Week 10: Using my Rules Together – a Success!

May 29, 2020

Intro

Hi everyone! Welcome back to my blog!

After three months of hard work, my senior research project has come to an end. In this blog, I will share the pipeline architecture I built for this project, as well as my final results.

  1. Pipeline Architecture
  2. Using My Rules Together – Results!
  3. What I’ve Learned
  4. Future Work
  5. Next Steps

 

Pipeline Architecture

One of the main goals for this project was to design a flexible architecture/system design that could implement a train/test/predict pipeline for humor detection. I feel my pipeline has fulfilled this goal. Below is a flowchart showing my pipeline’s architecture:

As you can see, there are three major steps in my pipeline: (1) preprocessing, (2) rules, and (3) postprocessing. I have also implemented two modes: an interactive mode, where a user can input any sentence he likes and the program will return its prediction whether the inputted sentence is funny or not, and a mode where a user can input a humor dataset for my model to train and test on. The second mode is more useful, but the interactive mode allows me to demo my rules live with any sentence and highlight the strengths and weaknesses of each rule.

1. Preprocessing

Whether the text is user-inputted or read from a text file containing thousands of sentences, the data first passes through the preprocessing handler. First, everything but text is removed (noise removal) and each word is lowercased. These two steps are considered “essential preprocessing” stages and always occur. The user then can specify whether they want to enable other preprocessing stages, including stopwords removal, stemming, and lemmatizing. Enabling and disabling preprocessing stages is simple – all the user has to do is change “enabled” to “True” if they want the text to go through a specific preprocessing stage, or turn “enabled” to “False” if not. The user does this in the config dictionary (shown below), where the user specifies properties and metadata. The inner workings of the model and complexity of the training in the backend is completely hidden away from the user for the user’s convenience.

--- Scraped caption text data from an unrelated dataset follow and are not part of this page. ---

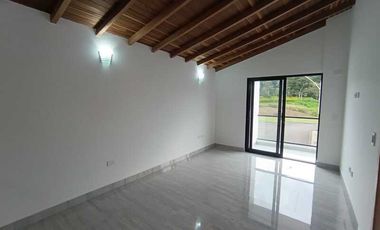 CASA EN ARRIENDO UBICADA EN LA CEJA SECTOR EL TAMBO
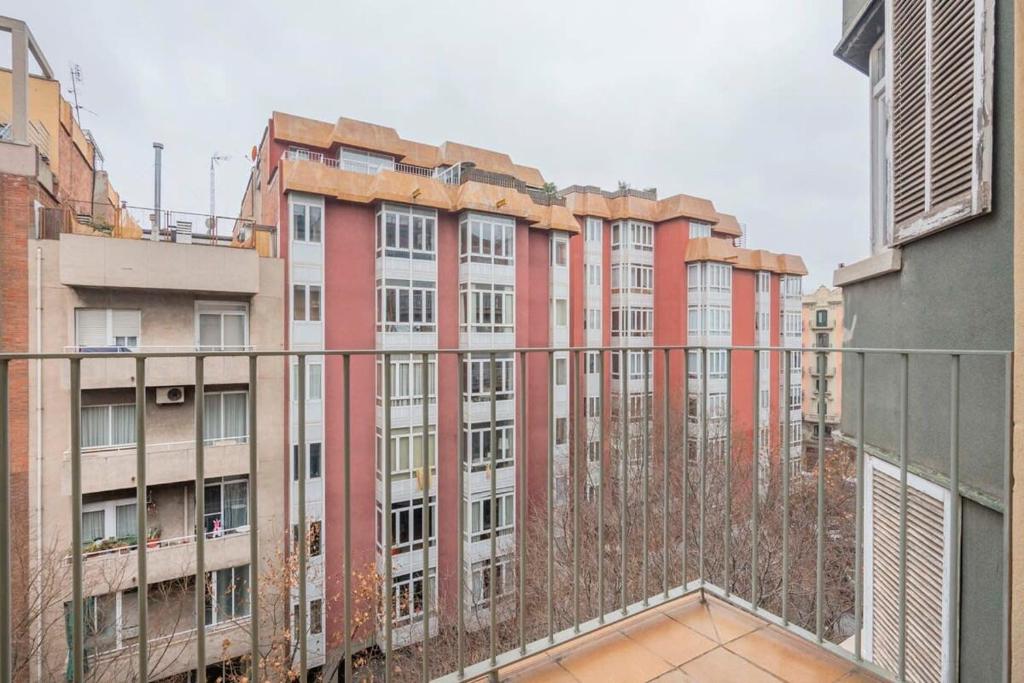 Budova, v ktorej sa apartmán nachádza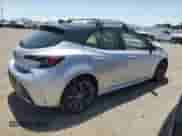 2024 Toyota Corolla XSE с VIN JTNC4MBE3R3218734, выставлен на аукционе Copart как лот 60298745 с пробегом 39 348 миль миль и Списание • Salvage title. История ставок и продаж доступна на DreamBid. Изображение 3.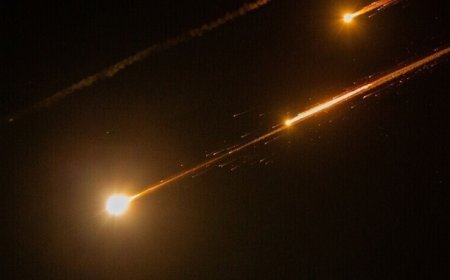 إيران تلوّح بإغلاق هرمز وباب المندب.. العالم على حافة صدمة نفطية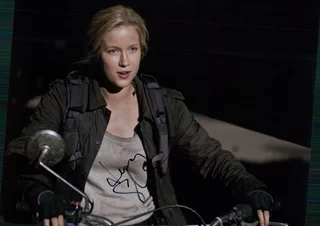 Jessy  Schram autograph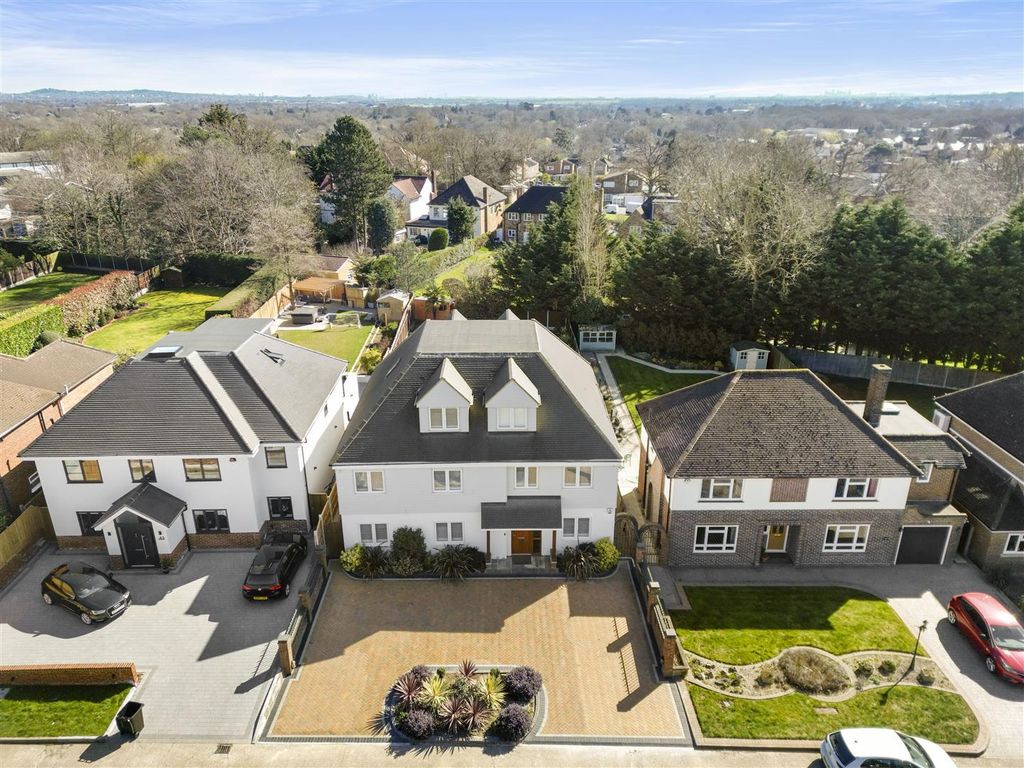 Property photo 1 of 46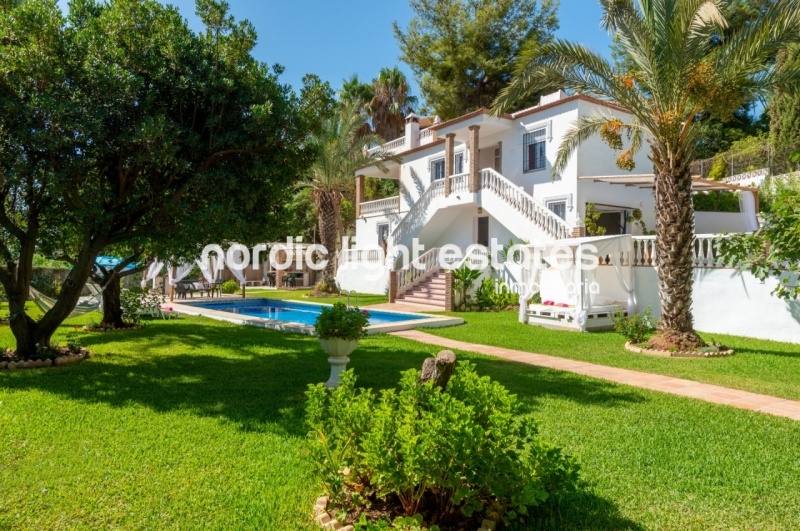 Similar properties Gorgeous villa for winter let 2024/25 / 2 apartments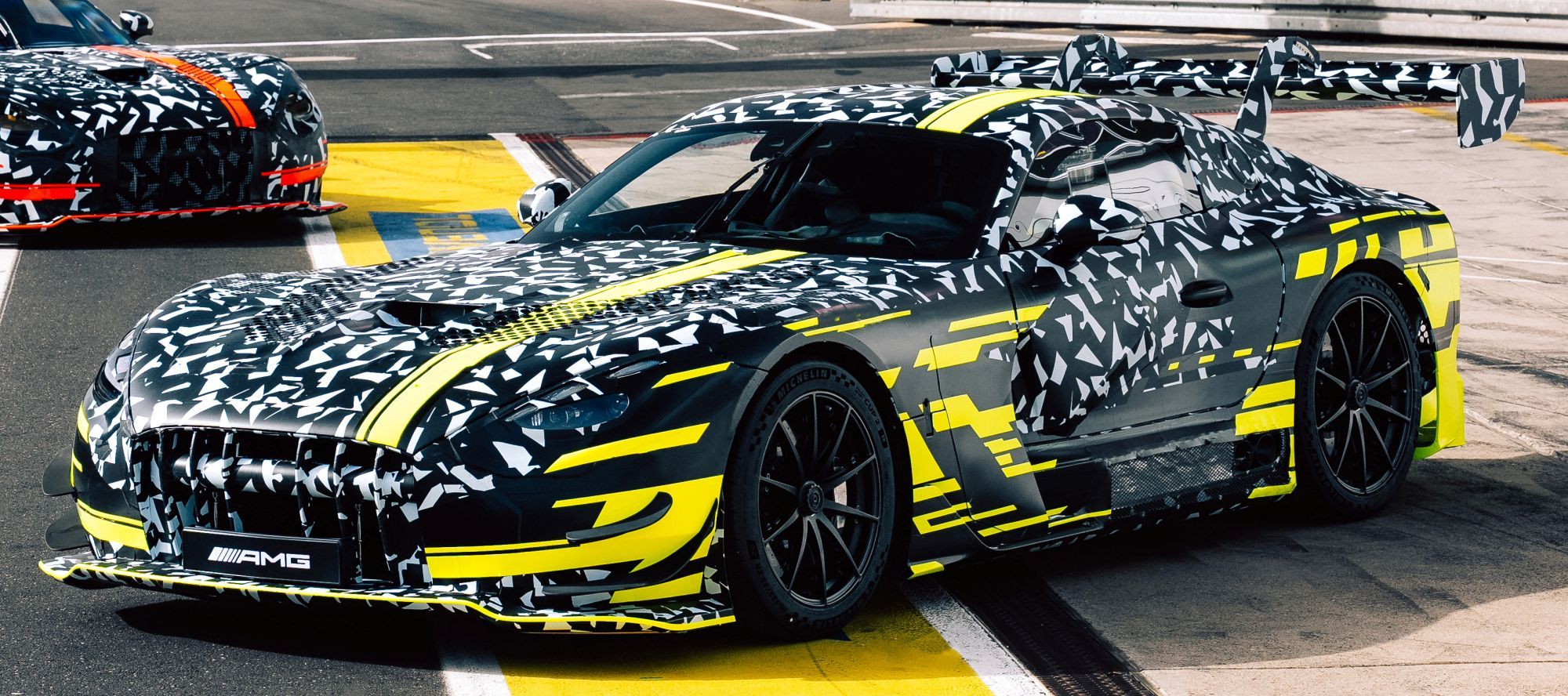 梅赛德斯-AMG将推出有史以来最激进的Black Series现行AMG GT轿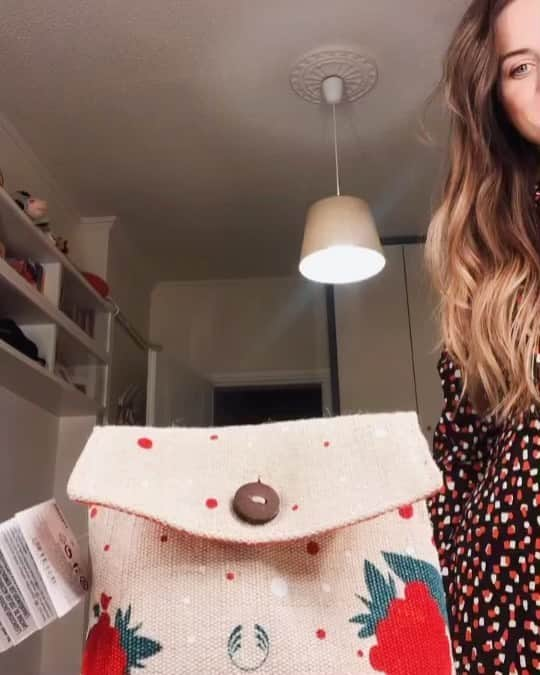 バンゲリス・モラスのインスタグラム：「Unboxing 🎁🎁 by @valia_m18 😂 @jasonsynetos @thebodyshop  #crazygirl #crazymoments #christmasmood #unboxing #bodyshop #beautymakeup」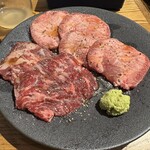 神楽坂焼肉 Lasso - コースのハラミとたん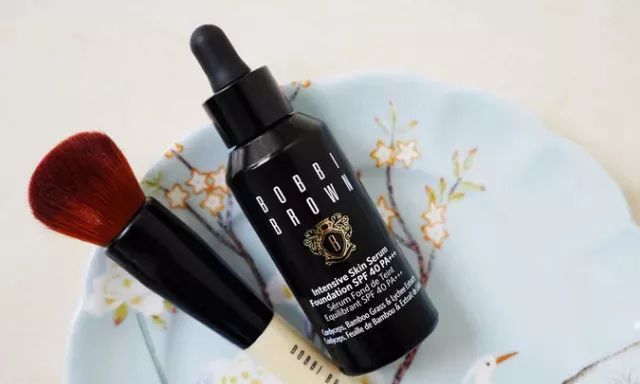 最好用最持久不会脱妆的粉底液,粉底液不暗沉不脱妆不卡粉推荐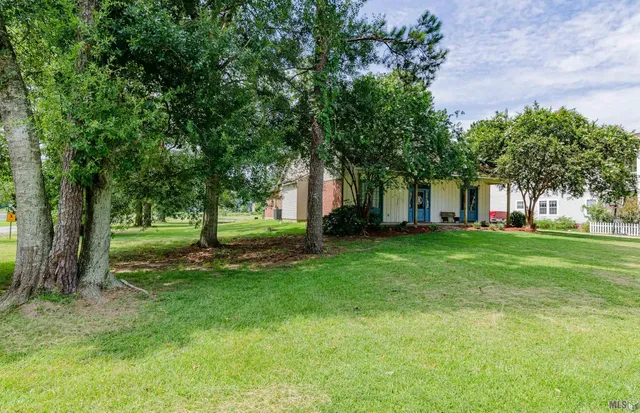 $330,000 | 43183 Norwood Road, Gonzales, LA 70737
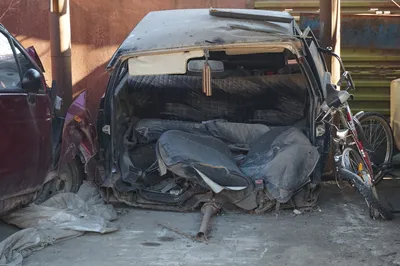 Шесть разбитых автомобилей и два сломанных забора — в Борисове произошло ДТП
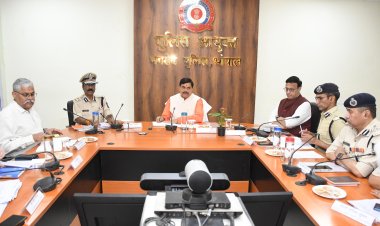 भोपाल में कानून-व्यवस्था की समीक्षा: त्योहारों से पहले सीएम मोहन यादव ने दिए सख्त निर्देश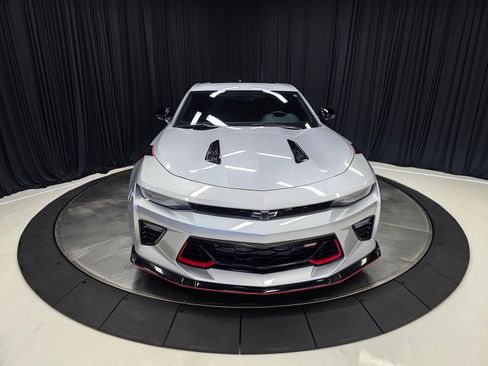 Used 2018 Chevrolet Camaro SS w/ Redline Edition RWD image 8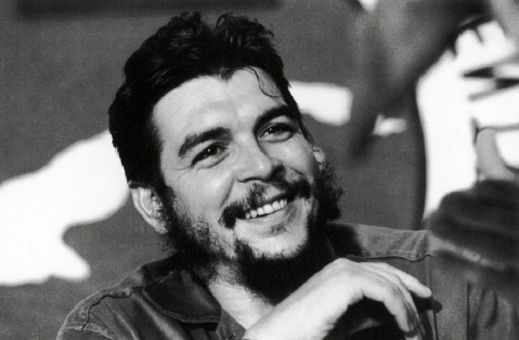 Julio Fuentes: «El Che Guevara es un patriota latinoamericano»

There are two additional optimal preprocessing stages: (1) train_randomforest and (2) train_fasttext. These only work when interactive mode is set to “False,” and they train new humor detection Random Forest Classifiers and fasttext models, respectively, with the hyperparameters specified by the user as metadata. Anyone can easily tune these hyperparameters by changing what they are equal to.

2. Rules

After the text is preprocessed and new models are trained, the the text goes through the rules handler. Again, as shown above, the user can easily change which rules they want to test by switching “enabled” to “True” and “False.” They can also specify how heavily they want each rule to be weighted. Right now, since Fasttext returns the highest accuracy, right now Fasttext has the highest weight: the weight of Contain_Funny above is 0.25, the weight of the Random Forest Classifier is 0.25, and the weight of Fasttext is 0.5. So, if Random Forest thinks a sentence is funny but Contain_Funny and Fasttext classifies the sentence as not funny, the model will predict the sentence is not funny. However, if Fasttext predicts a sentence to be funny. but Contain_Funny and Random Forest don’t, the sentence will be classified as humorous.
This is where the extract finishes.